Моя жена – Смерть, если кто помнит. Супруги Смерти – это не легенда. В каждом поколении некромантов богиня Смерти выбирает себе смертного супруга. Орден монахов-«смертников», члены которого служат в храмах этой богини, проводя поминальные службы, оказывая ритуальные услуги людям и присматривая за кладбищами, считает себя «женихами Смерти» и сильно ревнуют к нам, некромантам. Поскольку – вот ирония! – к монахам-то сия грозная богиня не благоволит и, насколько помню, за все время существования ордена лишь один из них, самый первый, Супругом Смерти все-таки стал. Увы, сей статус не дает мне никаких особых преимуществ – я не обладаю феноменальным долголетием, я не владею силами, способными потрясти основы Мироздания, я даже могу заболеть и получить травму, как обычный человек. Супруг Смерти всегда смертен. Просто лет ему отпущено чуть-чуть больше, чем остальным. Удачи тоже отмерено «с горкой», да и болезнь болезни рознь. Например, там, где вокруг все будут умирать от гриппа, я отделаюсь насморком. Да и от чумы я, скорее всего, выздоровею, и заражение крови при ранениях мне не грозит. Зато, упав с большой высоты, тоже могу переломать себе все кости. А когда придет пора умирать, скончаюсь я тихо-мирно, в своей постели, во сне, без боли и страданий, в прямом смысле слова с поцелуем на устах. Но это так, к слову.
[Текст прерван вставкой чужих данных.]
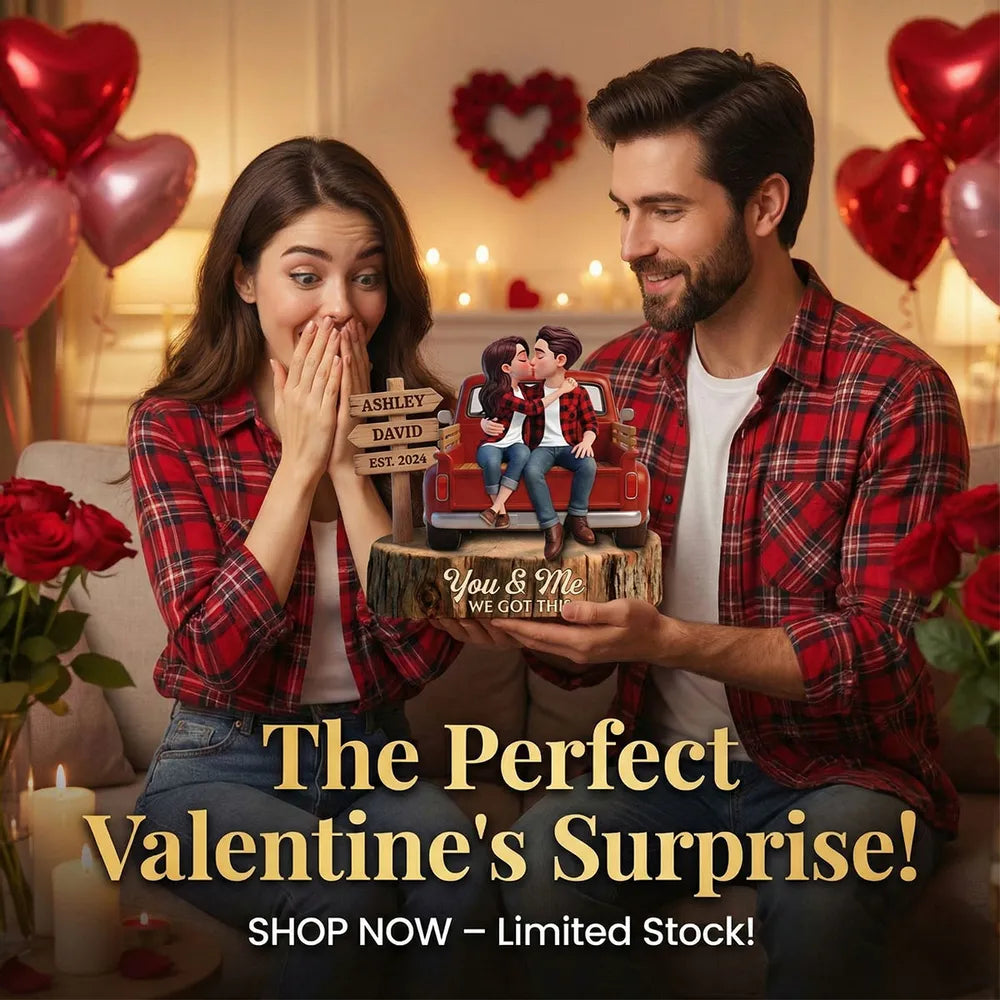 2-Layer Wooden Plaque Personalized Couple Keepsake, Cozy Red Truck Kissing Scene for Living Room Display, Heartfelt Gift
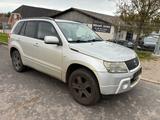Suzuki Grand Vitara 2.0 Club - Suzuki Grand Vitara Club mit Benzin-Antrieb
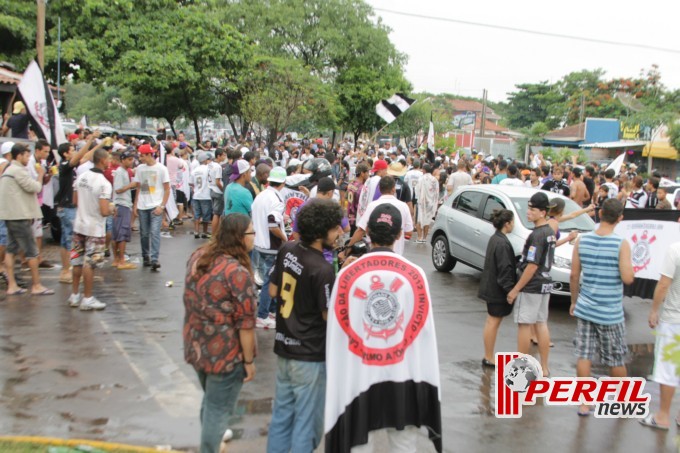 Festa corinthiana congestiona Avenida Filinto Muller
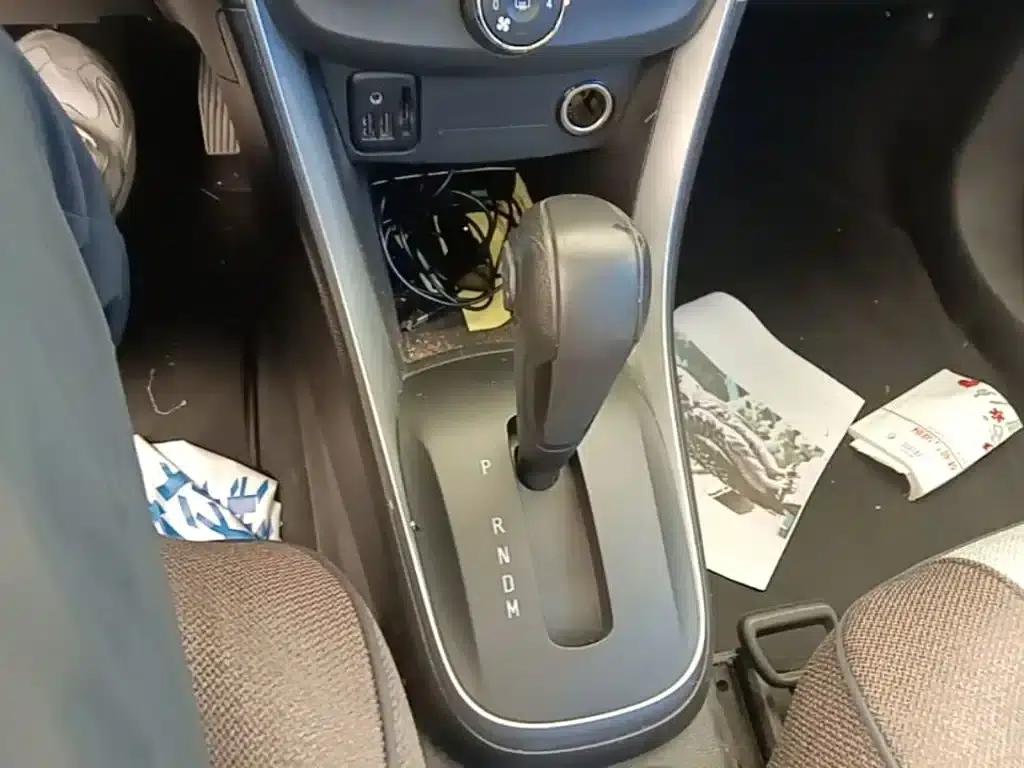 Chevrolet Trax 2018 330T Automatic 2WD Elite — миниатюра 21
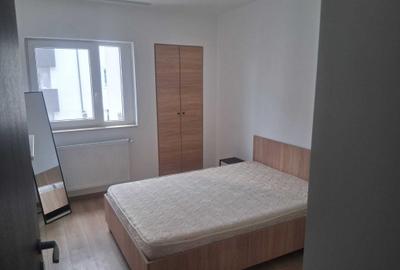 Apartament cu 2 camere decomandat în Apărătorii Patriei - 5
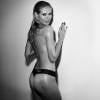 Heidi Klum chamou atenção nas redes sociais ao aparecer de topless em foto no Instagram. 'Muito sexy', elogiou internauta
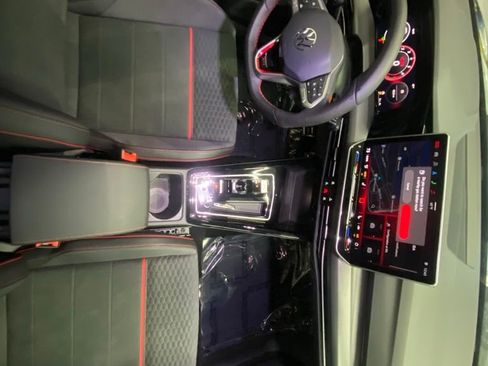 New 2026 Volkswagen GTI SE image 10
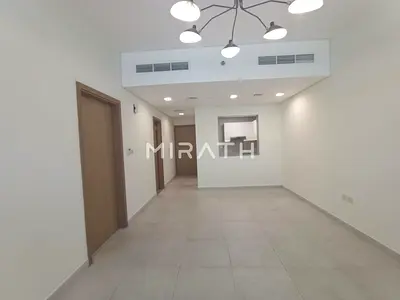NEAR TO METRO WITH BALCONY FAMILY BUILDING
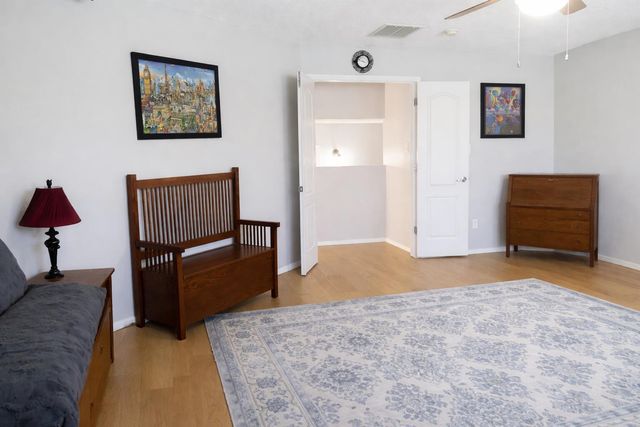 5529 Sandoval Drive NE, Rio Rancho, NM 87144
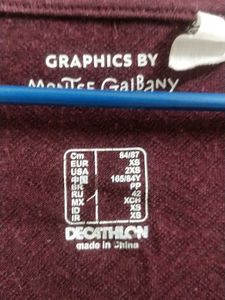 decathlon tshirt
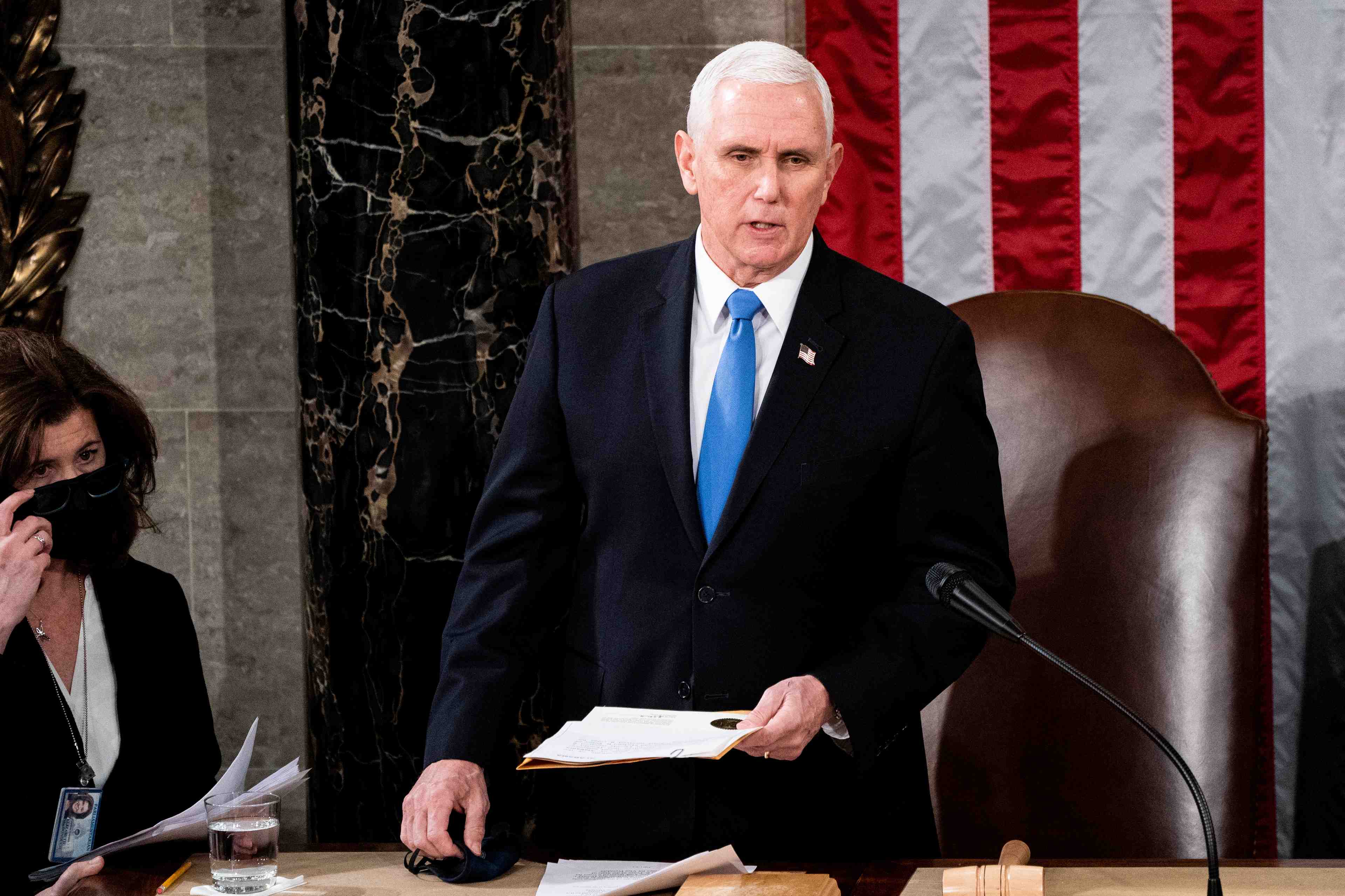 Pence dit s'opposer a evincer trump en recourant au 25e amendement
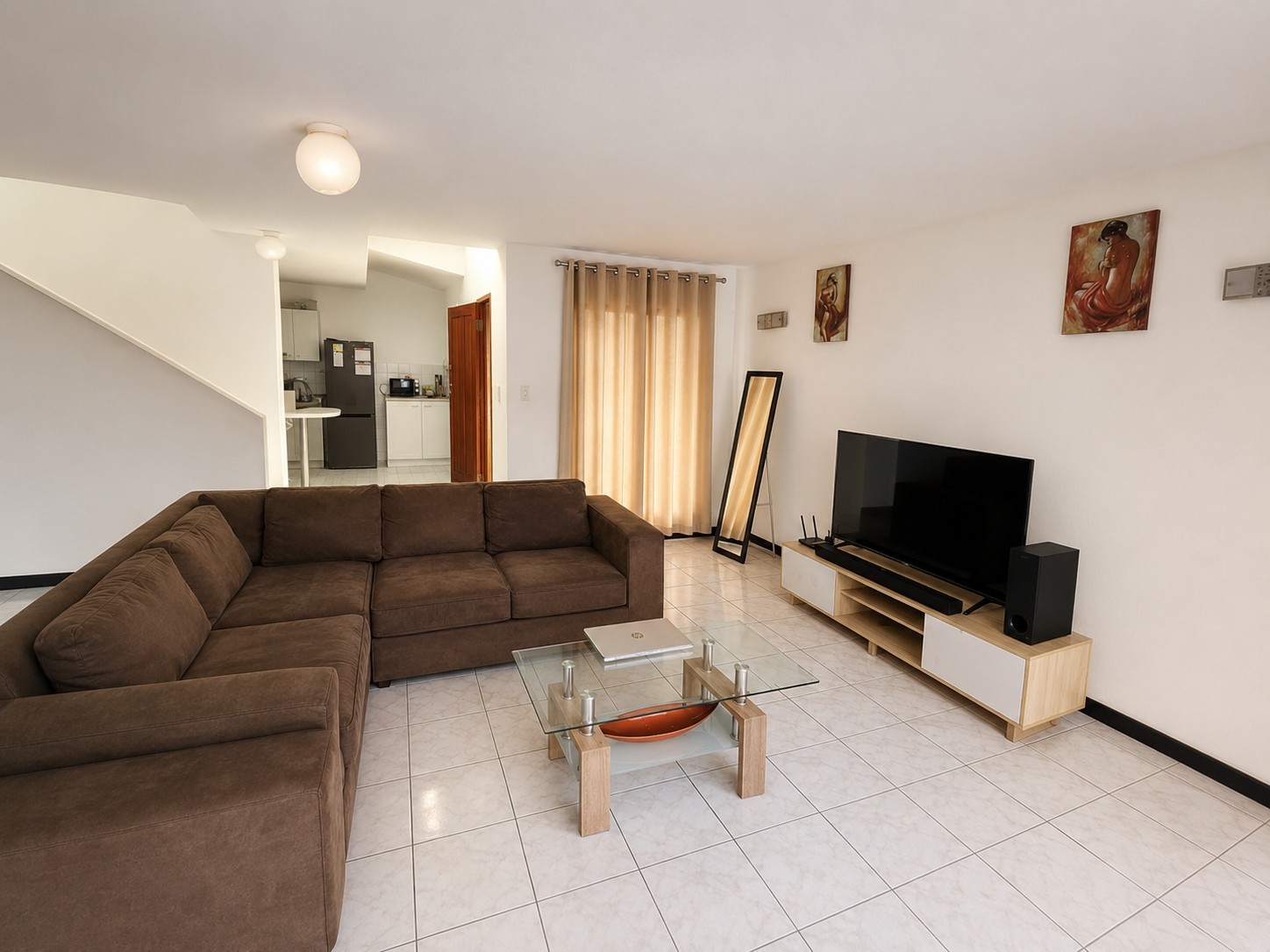 Apartment for sale in Corlett Gardens, Johannesburg, 93 m²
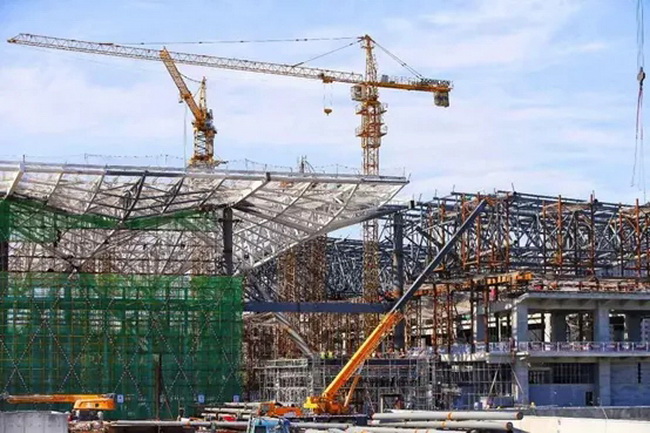 天博官方(中国)总部起重机助推京雄城际雄安站施工建设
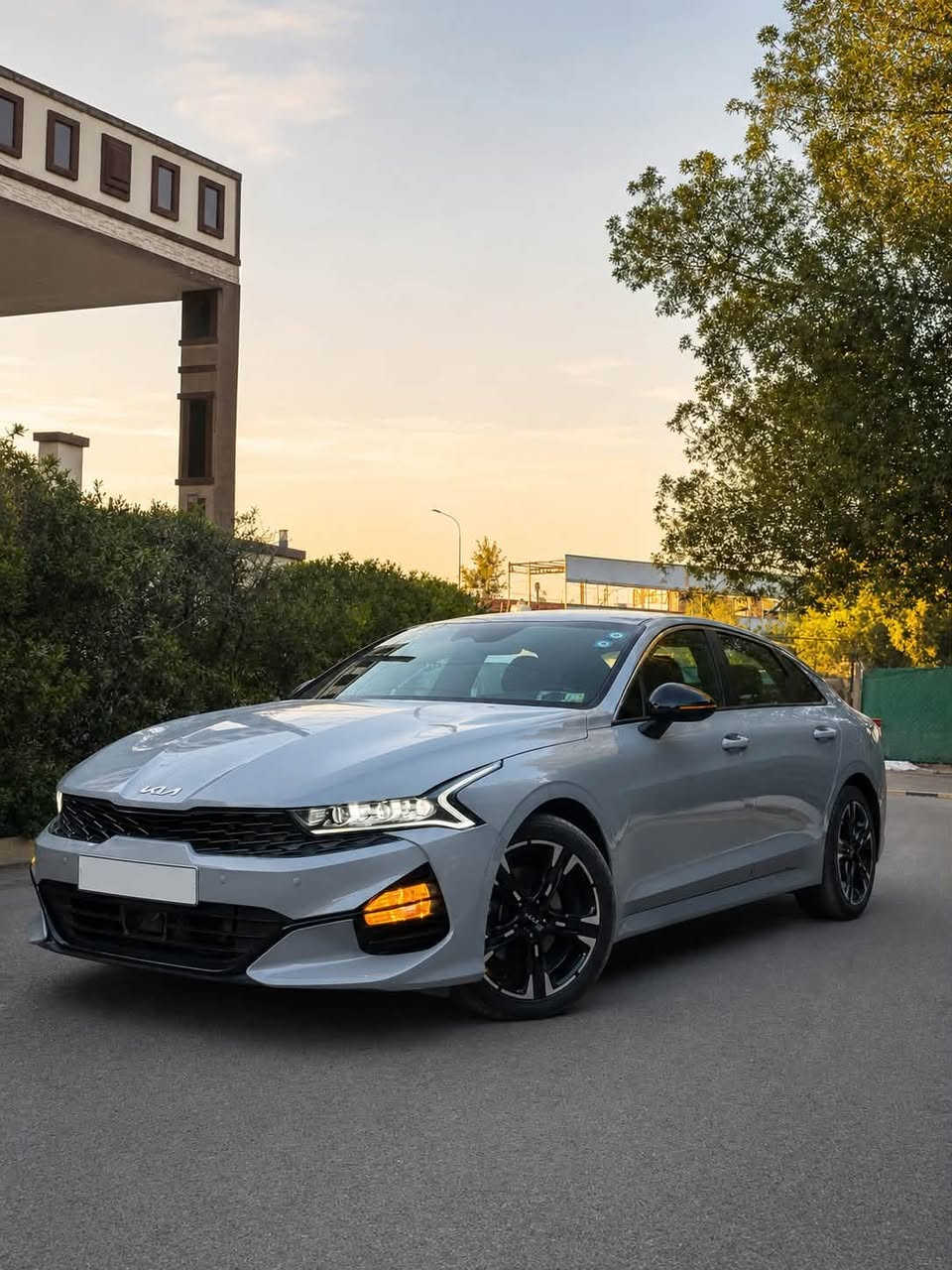 السلام عليكم ورحمة الله وبركاته
للبيع Kia K5 موديل 2023، فئة GT Line، بحالة ممتازة جداً وعلى وضع الوكالة.

المواصفات:

* محرك 1600 تيربو
* ماشية 23 ألف ميل فقط
* داخلية جلد أحمر
* رادار بالمراية ورادار أمامي
* كراسي كهربائية
* شاحن لاسلكي
* تشغيل عن بُعد
* السيارة حادثها فقط بنيد صبغ، والباقي مكفول
* لم يتم فتح أي برغي بالسيارة
* السيارة على حالة الوكالة وبوضعها الأصلي

السعر: 165$

الموقع: بغداد – حي تونس / آفاق عربية

للاستفسار والتواصل:
***********

للبيع فقط.
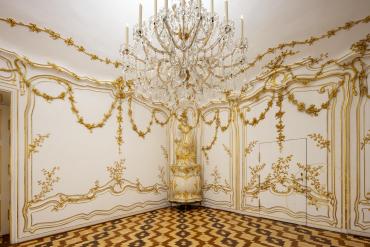 Weißgoldzimmer (Raum HG016) im Erdgeschoß von Schloss Schönbrunn, Blick in die Nordwestecke des ...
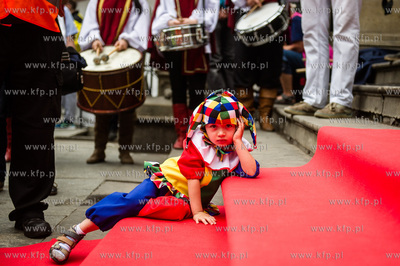 Gdansk. Swieto Miasta.  Parada Gdansczan - Wiwat Gdansk....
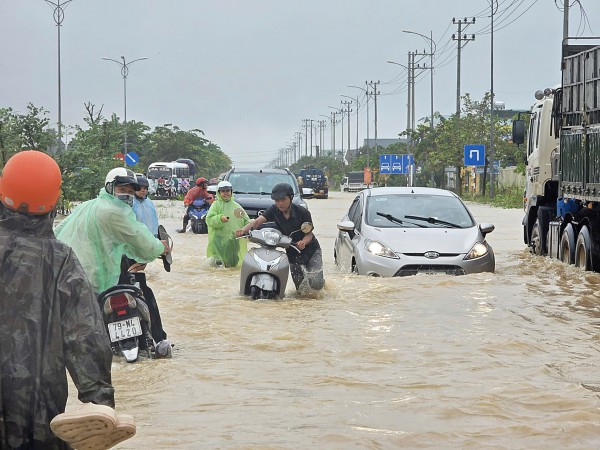 Nha Trang mênh mông biển nước vì lũ chồng lũ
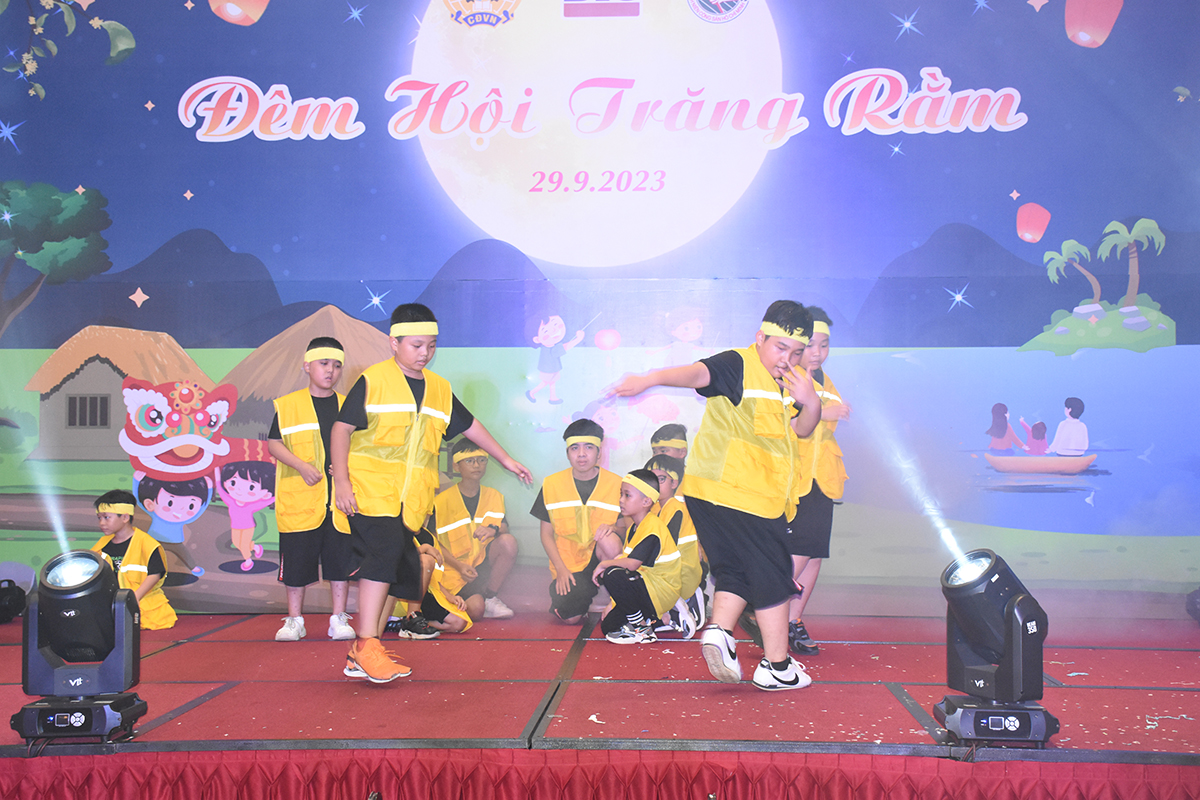 Tiết mục nhảy hip - hop trong chương trình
Но вот что у меня отнято, так это семейная жизнь. Супруг Смерти не имеет права сочетаться браком с обычной земной женщиной. Если же он решит просто завести любовницу, то такая связь, как правило, оканчивается плачевно – женщина умирает. И ей здорово везет, если она умирает при родах. А то ведь и упомянутой чумой может заболеть и скончаться в числе первых. Что поделать? Смерть ревнива. И мое монастырское житье в какой-то мере вынужденная мера, так сказать, добровольная самоизоляция. Да, у меня есть внебрачная дочь, Луна Байт. Но, во-первых, я зачал ее до того, как Смерть выбрала меня себе в смертные супруги, а во-вторых, с ее матерью, вдовствующей графиней Байт, я с тех пор практически не имел дела. Все остальные мои связи с обычными женщинами были до того мимолетны, что я даже не все имена могу вспомнить.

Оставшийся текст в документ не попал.